Instructions for the task: Using only the entries below, copy exactly the lines that begin at the one with "Sandalia CHATTAWAK gris" and end at the one with "薩摩錫器工芸館 錫 ジョッキ 白吹雪加工 82", both included. Drop the pictures.

Data under study:
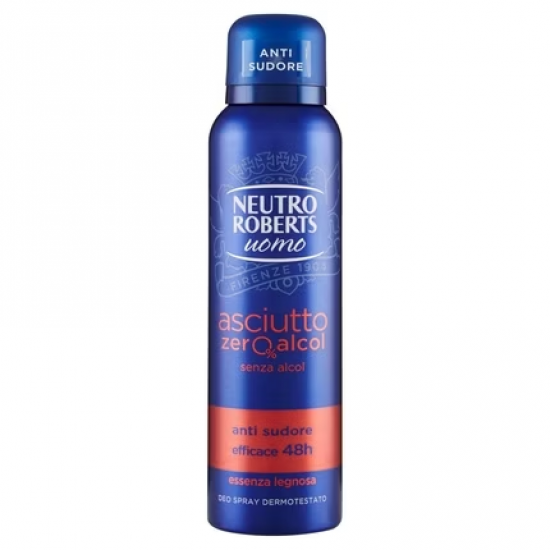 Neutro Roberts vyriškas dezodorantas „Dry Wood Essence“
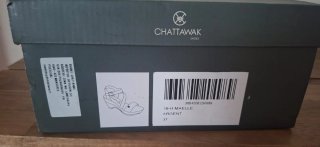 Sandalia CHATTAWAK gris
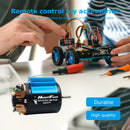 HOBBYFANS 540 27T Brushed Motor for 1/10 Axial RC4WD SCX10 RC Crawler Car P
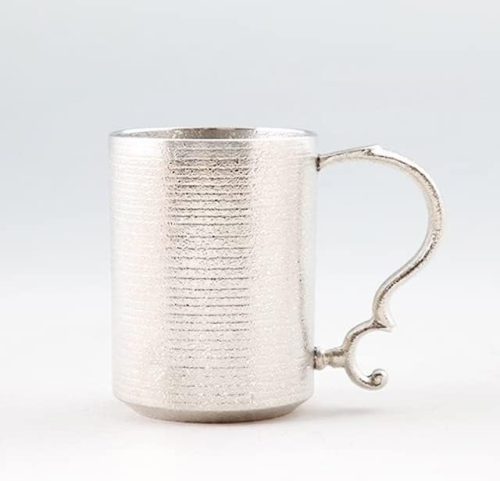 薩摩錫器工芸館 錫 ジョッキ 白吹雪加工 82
--
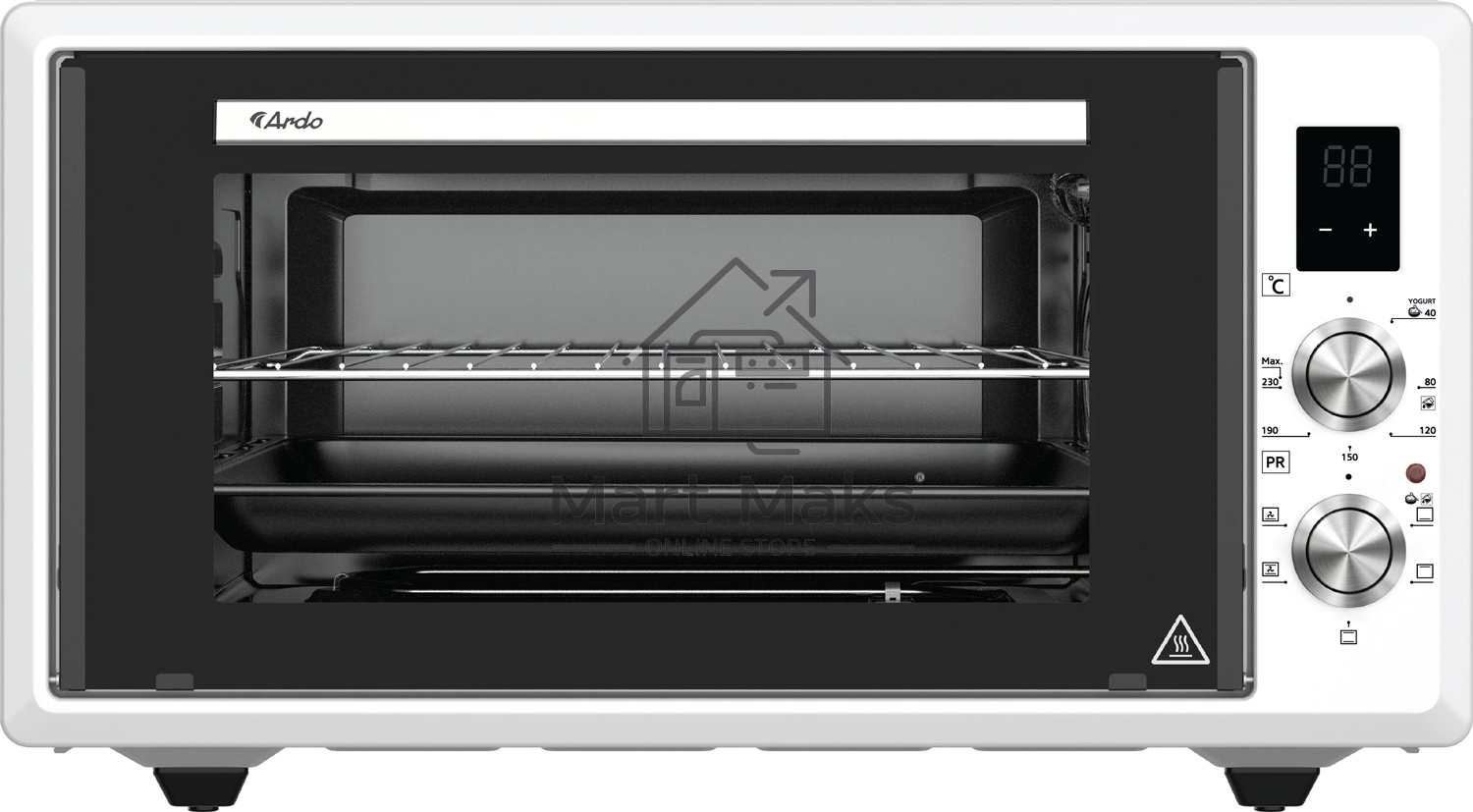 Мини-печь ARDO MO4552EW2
--
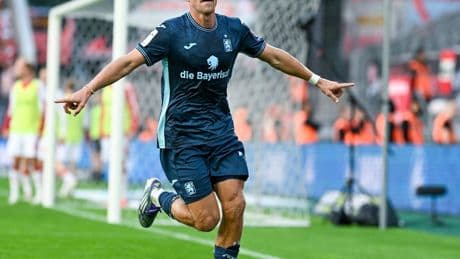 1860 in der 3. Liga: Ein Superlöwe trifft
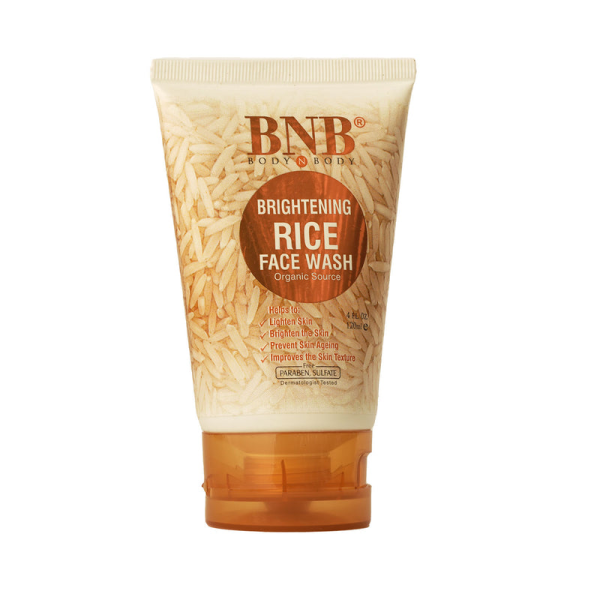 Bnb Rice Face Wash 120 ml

Response to this task:
 Sandalia CHATTAWAK gris
 HOBBYFANS 540 27T Brushed Motor for 1/10 Axial RC4WD SCX10 RC Crawler Car P
 薩摩錫器工芸館 錫 ジョッキ 白吹雪加工 82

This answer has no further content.